Pour moi, un art n'existe que si on peut le pratiquer sans argent. C'est la question que je pose au cinéma. Le mérite de mon film, c'est que je peux le garder dans mon tiroir, comme un roman, si je ne le trouve pas à mon goût. C'est quelque chose dont je peux être juge. Le cinéma est devenu tellement cher que si on fait un film, on ne peut en dire que du bien, même si on ne le pense pas. L'art qui produit des plaintes concernant l'argent est un art à questionner.

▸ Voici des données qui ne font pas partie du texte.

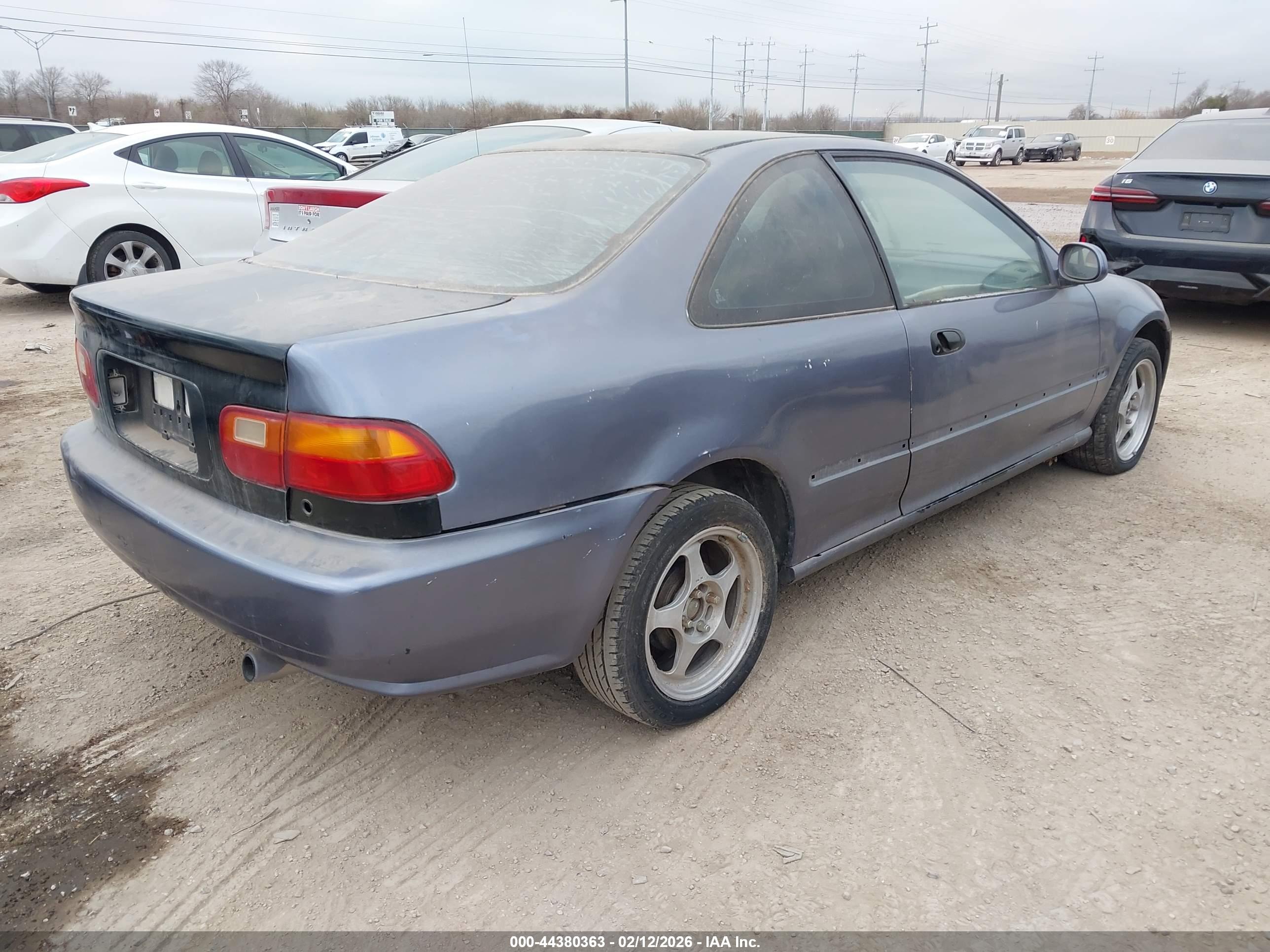 HONDA CIVIC image 4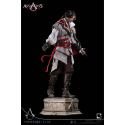 Assassin's Creed statuette 1/2 Prestige Line Ezio Auditore 110 cm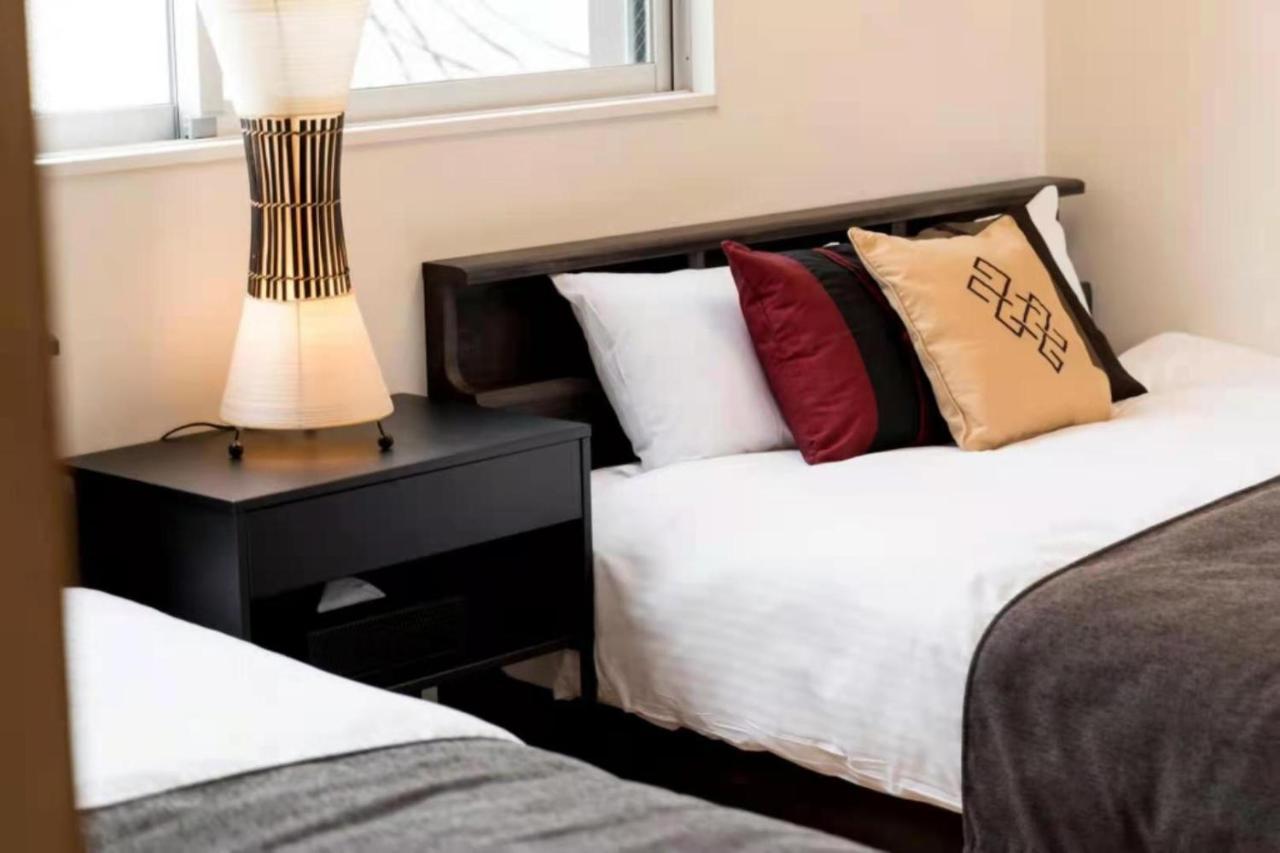 Rivil Hakata Apartment Fukuoka  Luaran gambar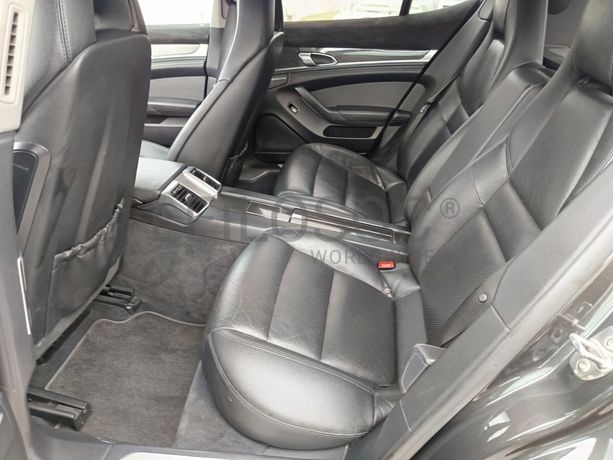 Porsche Panamera · Diesel · Ano 2011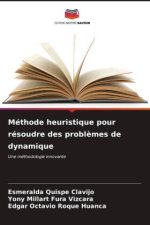 Méthode heuristique pour résoudre des problèmes de dynamique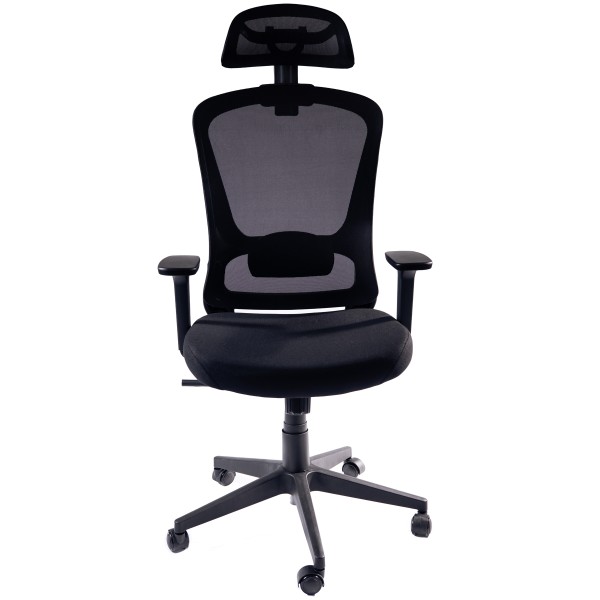 Крісло Крипто - стильне та зручне офісне крісло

C'est une plainte commerciale d'un type qui n'a pas de sous et qui ne parle que de sous...

En ce moment, outre la question de l'argent, qu'apprenez-vous de plus important du cinéma?

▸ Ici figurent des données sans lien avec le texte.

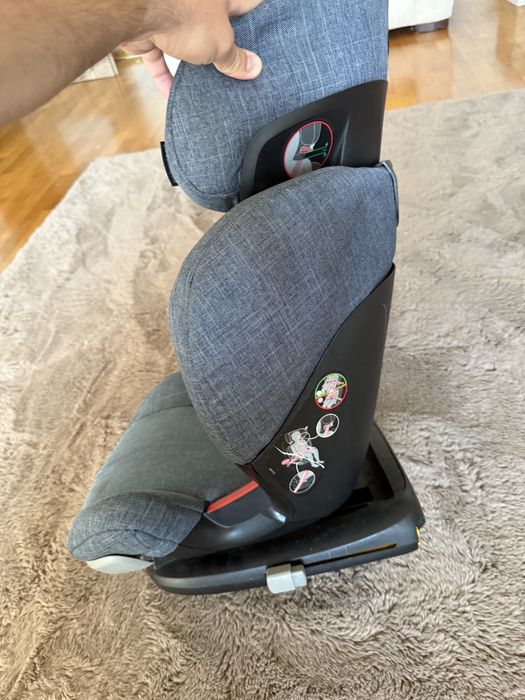 Scaun auto copil Maxicosi Rodifix Airprotect  Isofix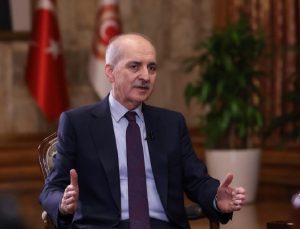 TBMM Başkanı Kurtulmuş ve Bakan Tunç’tan yeni adli yıl mesajı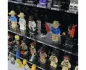 Preview: 40 Lego Minifiguren - Acryl Wand Vitrine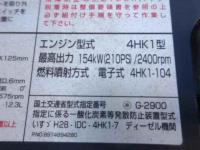 Isuzu Forward 2021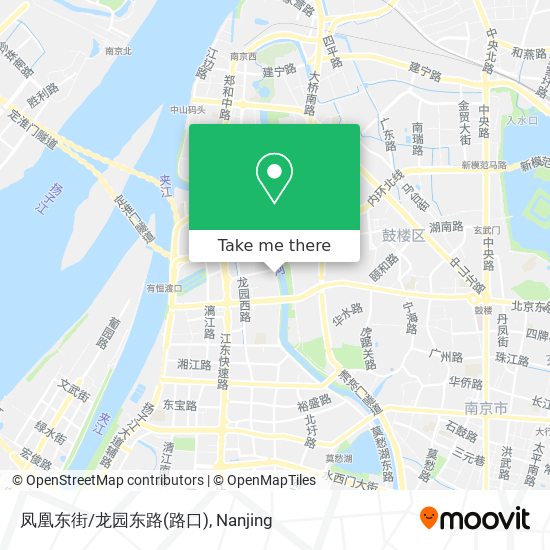 凤凰东街/龙园东路(路口) map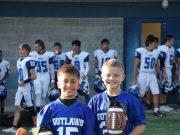 Sportsmanship winners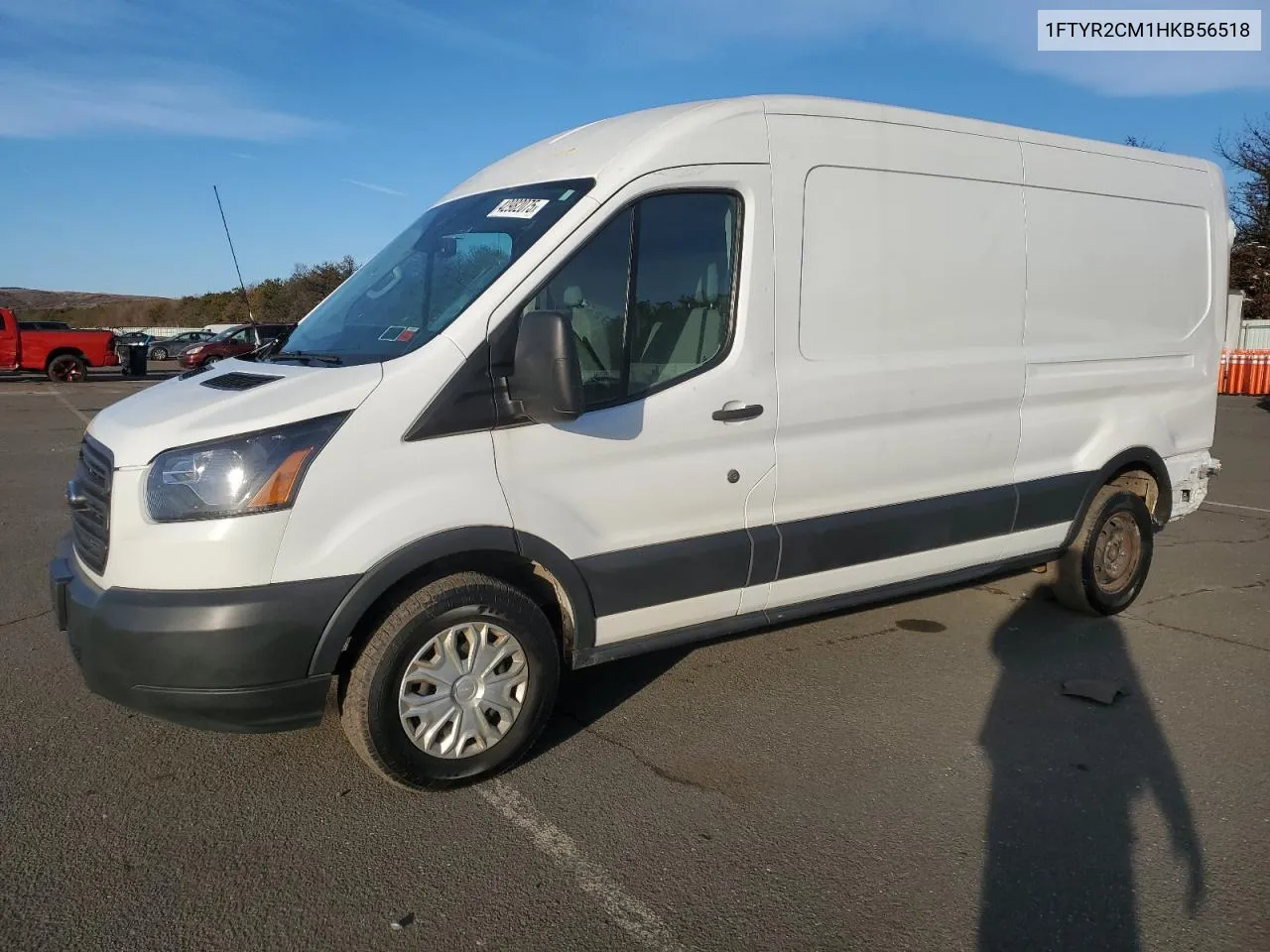 2017 Ford Transit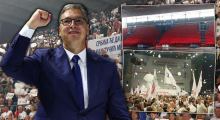 ZAJEČAR U ZNAKU JEDINSTVA Vučić danas na novom veličanstvenom skupu 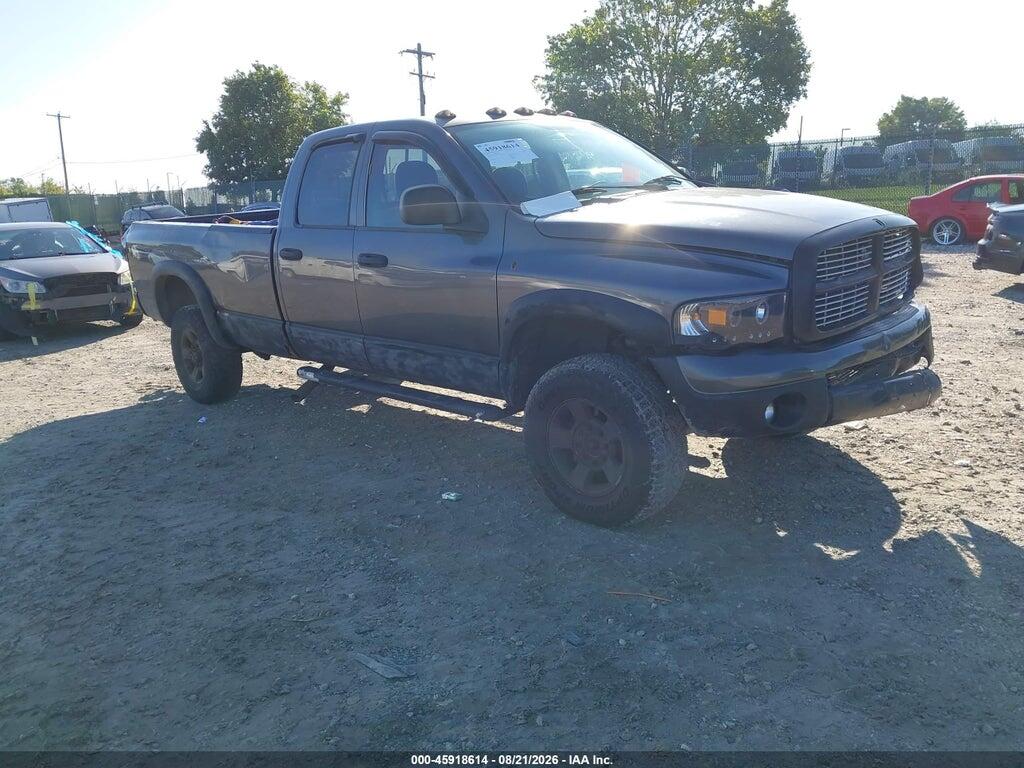 2007 DODGE RAM 1500 1D7HU18277S190581
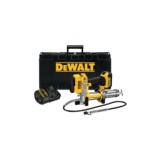 PISTOLA ENGRASADORA DEWALT XR 18V 4AH DCGG571M1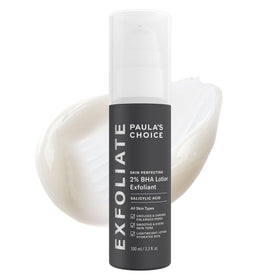 Paula's Choice front packaging showing product and brand benefit of clear skin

Qu'il ne faut pas en avoir peur. On en a peur parce qu'on pense que c'est un art bourgeois comme le golf et qu'on n'aura jamais le matériel ou le style qu'il faut. J'essaie d'arriver à faire un film comme j'écris mes livres, comme lorsque je me suis levé un matin, que j'ai pris ma machine à écrire et que j'ai écrit Comment faire l'amour avec un nègre sans se fatiguer. Ce n'est pas que c'est facile; la question de l'art n'est jamais de savoir si on peut le faire ou pas mais si on en a le droit.

Faudra-t-il un jour vous définir plus comme un cinéaste que comme un écrivain?

L'idéal serait d'écrire Dany Laferrière, tout simplement. Je marche et je me retourne après pour effacer mes traces. Il faut devenir L'Homme sans qualités, de Robert Musil, un titre magnifique mais un livre que je n'ai pas encore lu, car il faut à mon avis attendre d'être au sanatorium pour le lire (rires).